Clinical Trial Details
— Status: Recruiting
Administrative data
| NCT number |
NCT01904188 |
| Other study ID # |
C13-033F |
| Secondary ID |
|
| Status |
Recruiting |
| Phase |
|
| First received |
|
| Last updated |
|
| Start date |
June 2015 |
| Est. completion date |
July 2027 |
Study information
| Verified date |
April 2023 |
| Source |
Michigan State University |
| Contact |
Mary J Hughes, DO |
| Phone |
517-353-3211 |
| Email |
hughesm[@]msu.edu |
| Is FDA regulated |
No |
| Health authority |
|
| Study type |
Observational
|
Clinical Trial Summary
The aim of this project is to test the utility of The Gene Z device (as of 2018 Gene Z no
longer being used) and other rapid identification techniques that the investigators have
developed in the lab on clinically obtained bodily fluid samples taken from patients with
suspected infection or sepsis based on having three of four positive Systemic Inflammatory
Response Syndrome markers, or having a known infection for which a specimen is being
collected. Specimens will be collected by Sparrow Laboratories and McLaren Greater Lansing
laboratories, processed and stored for analysis at a later date to determine if the microbial
pathogens identified by current methods of culture, as well as pathogen susceptibility to
antibiotics by culture results, can be identified by the GeneZ technology or other developed
technology accurately, and more timely. It will not affect current patient care nor impact
patient care, which will continue in the standard fashion today for sepsis. Results will be
compared to standard culture results and antibiotic sensitivities.
Description:
Dramatic improvement in the timely and effective treatment of patients afflicted with sepsis
can be achieved with the implementation of modern technologies for identification of
offending microbial species and their innate genetic antibiotic treatment targets. Our
collaborative team is planning to address this need using a Point-of-Care (POC) device
equipped for identification of a bacterial species within 60 minutes of a routine Emergency
Department laboratory blood draw or other specimen collection, followed by targeted analysis
of its innate genetic antibiotic resistance elements within as little as 7 hours time. This
revolutionary improvement in clinical management is critical for improving patient outcomes
for a disease syndrome that is not only highly prevalent worldwide, consuming a massive
amount of medical resources daily, but that only threatens to continue to worsen given
current antibiotic stewardship practices. Early goal-directed therapy (EGDT) is the standard
by which medical interventions are now shaped across fields in the modern clinical setting,
ranging from trauma and neurosurgery to cardiology and infectious disease. Rapid and accurate
diagnoses, paired with aggressive and effective intervention, are manifest to stemming the
disease process as well as maintaining economically feasible care and improving long-term
morbidity. The effort to apply EGDT to patients at high risk for systemic infection, sepsis,
was initiated over a decade ago by Rivers and colleagues in the Emergency Department setting.
Systematic approaches to early sepsis identification and intervention including
broad-spectrum antibiotic coverage, and adequate fluid volume resuscitation have yielded
definite improvements in patient outcomes and health care resource utilization. It has been
recognized that one of the limiting factors in treatment of sepsis in the hospital setting is
the timeliness of pathogen identification and implementation of appropriate antimicrobial
therapy.
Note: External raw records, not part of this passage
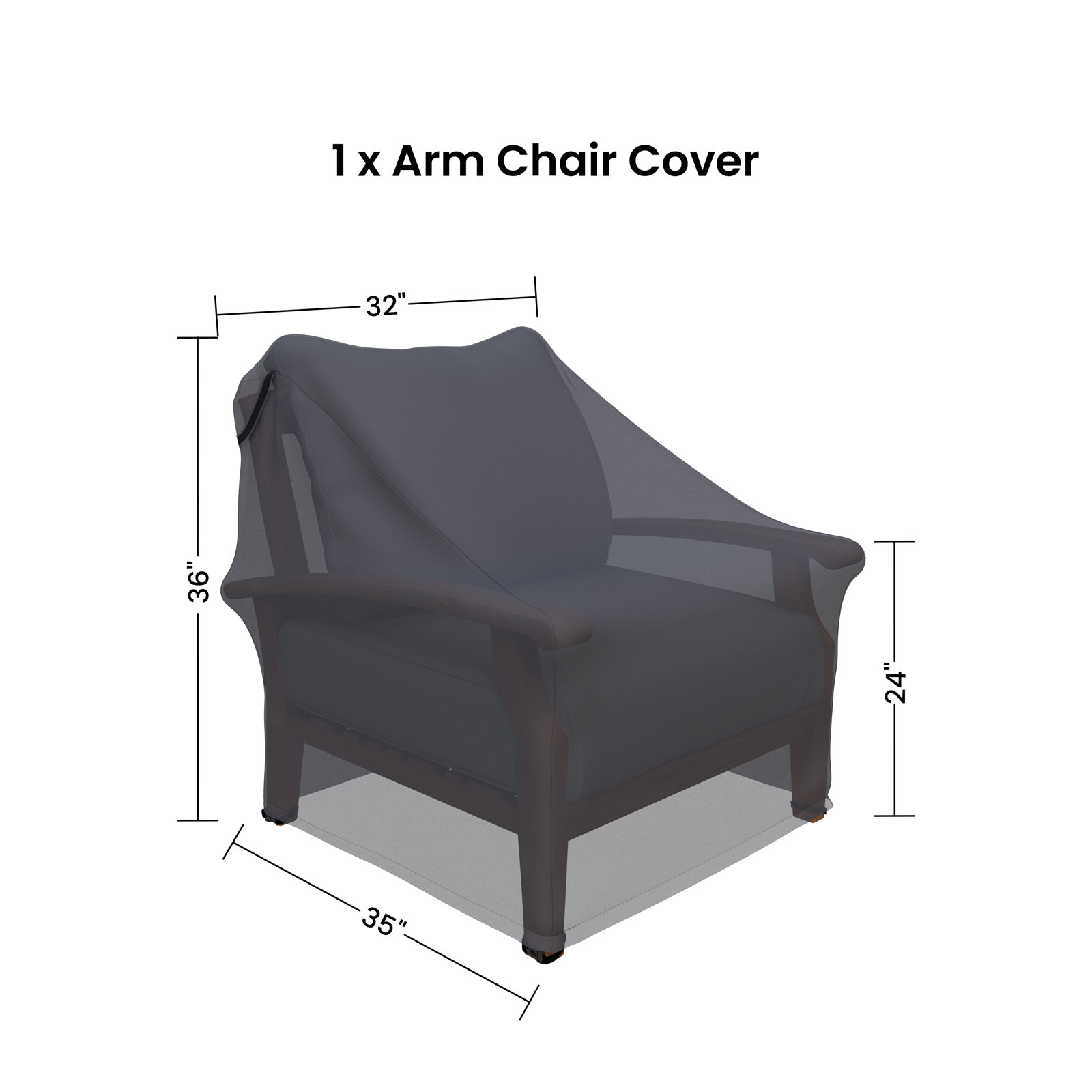 Teak Outdoor Patio Chair Cover
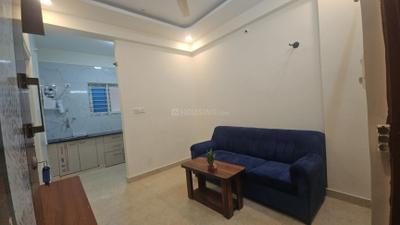 Living Room Image of 850 Sq.ft 1 BHK Apartment / Flat for rent in BTM Layout 2nd Stage Bengaluru for Rs. 28000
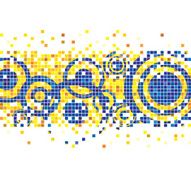 Pixel with Yellow Circle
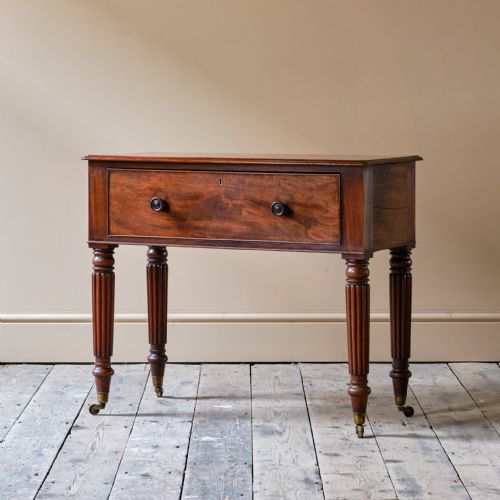 EARLY 19TH CENTURY MAHOGANY CONSOLE TABLE - ADDITIONAL PHOTO 11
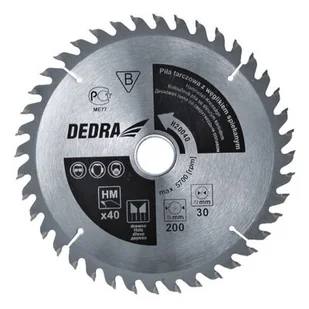 Dedra Tarcza do cięcia H13014 130 x 20 mm do drewna - Materiały ścierne - miniaturka - grafika 1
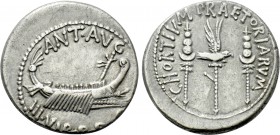 MARK ANTONY. Denarius (32-31 BC). Patrae(?). Legionary issue.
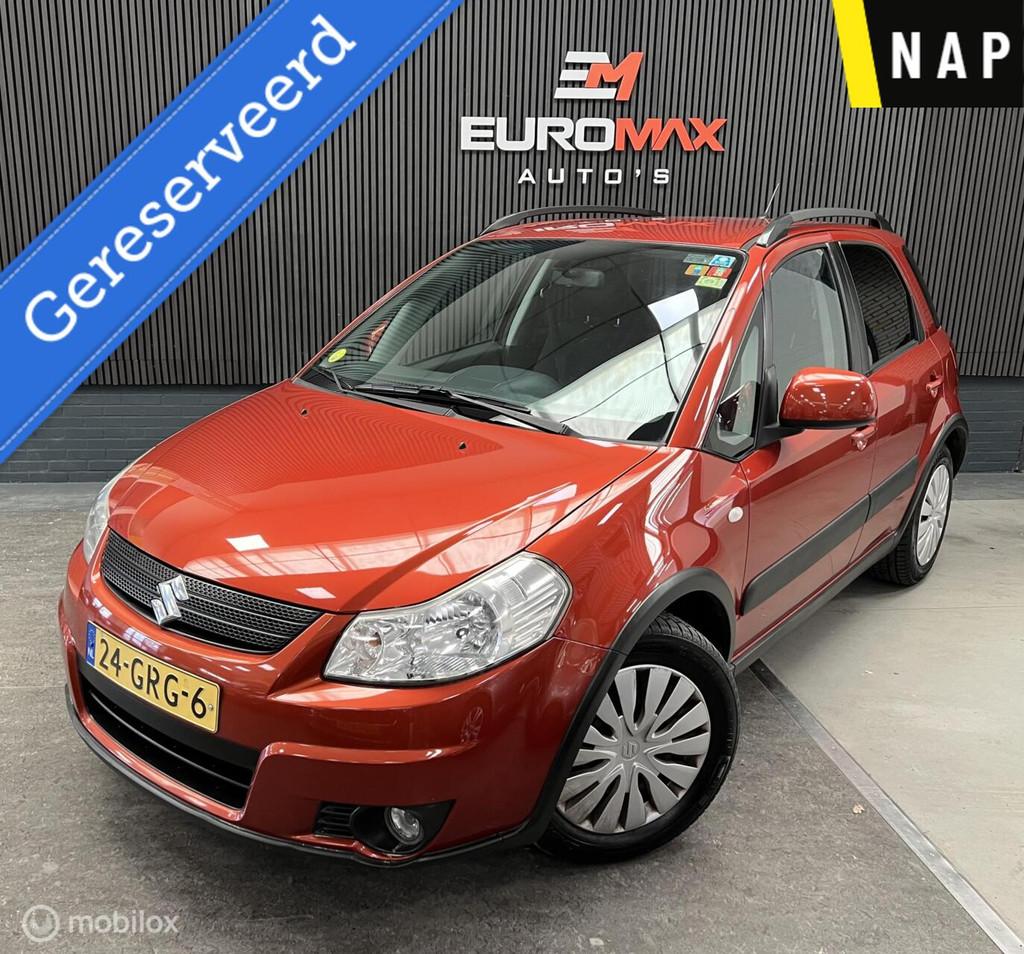 Suzuki SX4 1.6 Comfort NAP -Parkeersensor - Airco, Gebruikt, Zwart, 49 €/maand, Origineel Nederlands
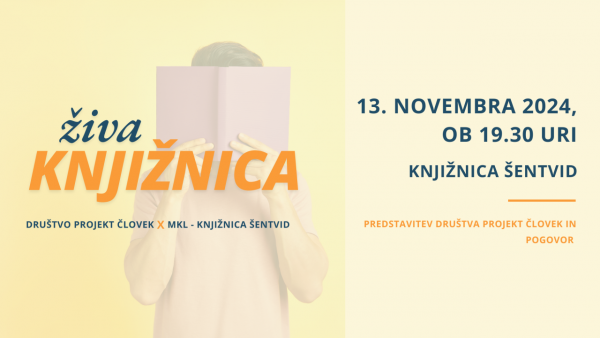 13.11.2024: ŽIVA KNJIŽNICA V KNJIŽNICI ŠENTVID
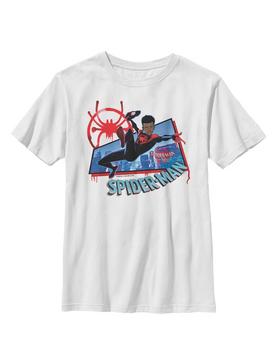 Marvel Spider-Man: Into The Spiderverse Miles Morales City Youth T-Shirt, , hi-res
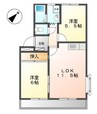 プロヴァンスＢ 2LDKの間取り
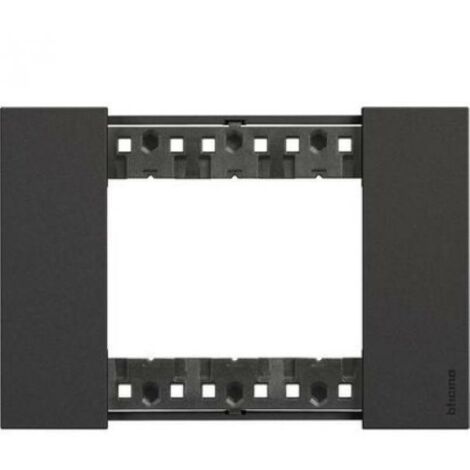 BTICINO KA4803KG - Placca  3 Moduli - Nero - Now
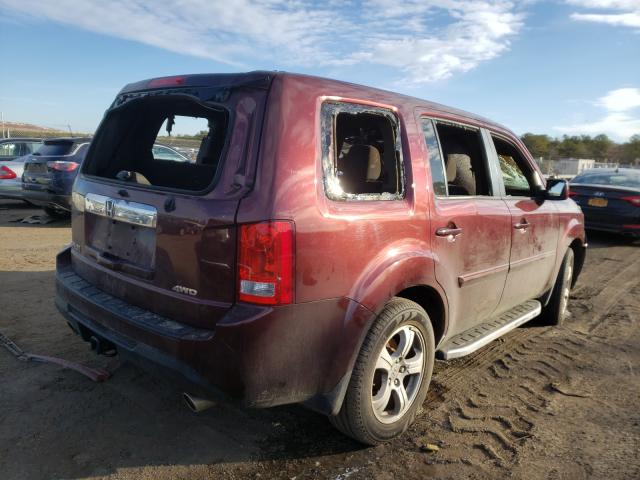 Photo 4 from auction – 2013 HONDA PILOT EXL with VIN 5FNYF4H65DB018812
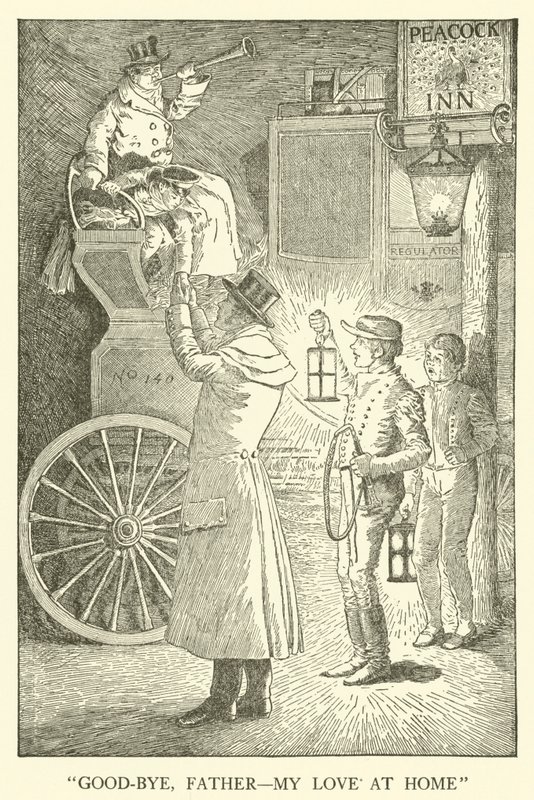 Ilustrace pro Tom Brown’s School-Days (rytina) od Louis John Rhead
The current "gold standard" of sepsis microbial identification is blood culture,
which takes 3-5 days for a definitive species identification. Antimicrobial agent
susceptibility for the given organism is generally garnered within this same time frame.
However, in the period it takes from specimen collection to culture results, empiric
broad-spectrum antibiotic coverage, often involving multiple antibiotics, must be provided to
ensure organism eradication. This proposal aims to use Point of Care (POC) testing, as
described by the investigatos' laboratory, to accurately identify pathogenic microorganisms
in patients with suspected sepsis within 20 minutes of a laboratory blood draw or urine
collection. The scope of the investigators' proposal is feasible in that 20 organisms account
for 87% of microbial infections identified by culture-based techniques at Sparrow Hospital,
representing the greater Lansing, Michigan area, and 50 microorganisms would account for
virtually every microbial infectious species (Khalife, 2011, unpublished data). In
preliminary studies the investigators have validated this approach with laboratory-processed
samples of Escherichia coli and Staphylococcus aureus. The investigators now are creating
panels for multiple types of infections and have validated these efforts on over 30
microorganisms. POC testing will now be expanded to include additional microorganisms
commonly encountered in sepsis patients or those with other identifiable infectious sources.
Secondarily, antimicrobial resistance genes will be scanned using a functional genomics
approach with highly-parallel quantitative PCR as performed by the investigators' laboratory
in a previous study exploring the microbiota of porcine gastrointestinal tract.